Abstract
Fluorescence redistribution after photobleaching (FRAP) is a commonly used method to understand the dynamic behavior of molecules within cells. Analytic solutions have been developed for specific, well-defined models of dynamic behavior in idealized geometries, but these solutions are inaccurate in complex geometries or when complex binding and diffusion behaviors exist. We demonstrate the use of numerical reaction-diffusion simulation approaches using the easily accessible Virtual Cell (VCell) software, to establish methods for analyzing photobleaching data. We show how multiple simulations employing parameter scans and varying bleaching locations and sizes can help to bracket diffusion coefficients and kinetic rate constants. This approach is applied to problems in membrane surface diffusion, diffusion and binding in cytosolic volumes in complex cell geometries, and analysis of diffusion and binding in intracellular liquid droplets.

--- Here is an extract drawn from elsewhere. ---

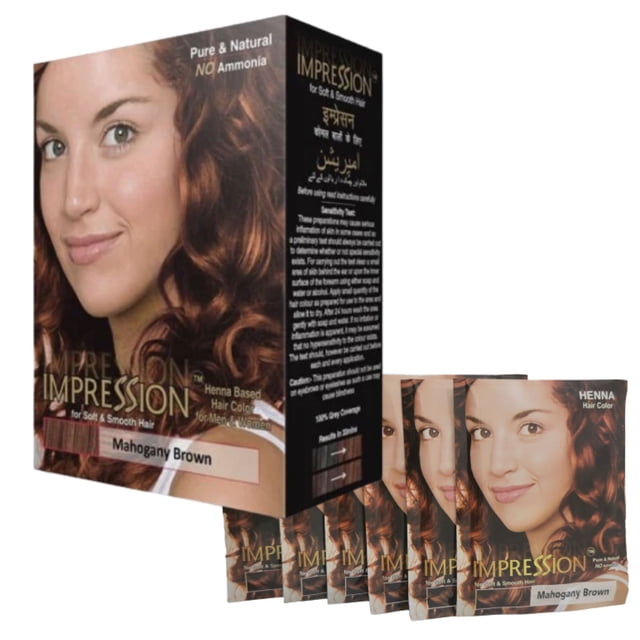 Henna Natural Tinte Cabello 6 Sobres Sin Amoníaco Sin Parabenos Cubre Canas 8 Colores Tonos a Escoger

Statement of Significance Fluorescence Redistribution After Photobleaching (FRAP) is a widely used experimental method that can reveal important parameters for reaction/diffusion events within cells. However, analytic methods to analyze FRAP experiments are limited to specific geometries and conditions. We demonstrate how spatial numerical simulation methods using the freely available software Virtual Cell can be used to obtain parameter information from FRAP experiments in situations that are not amenable to analytic solutions and that are accessible to most bench biologists.
Competing Interest Statement
The authors have declared no competing interest.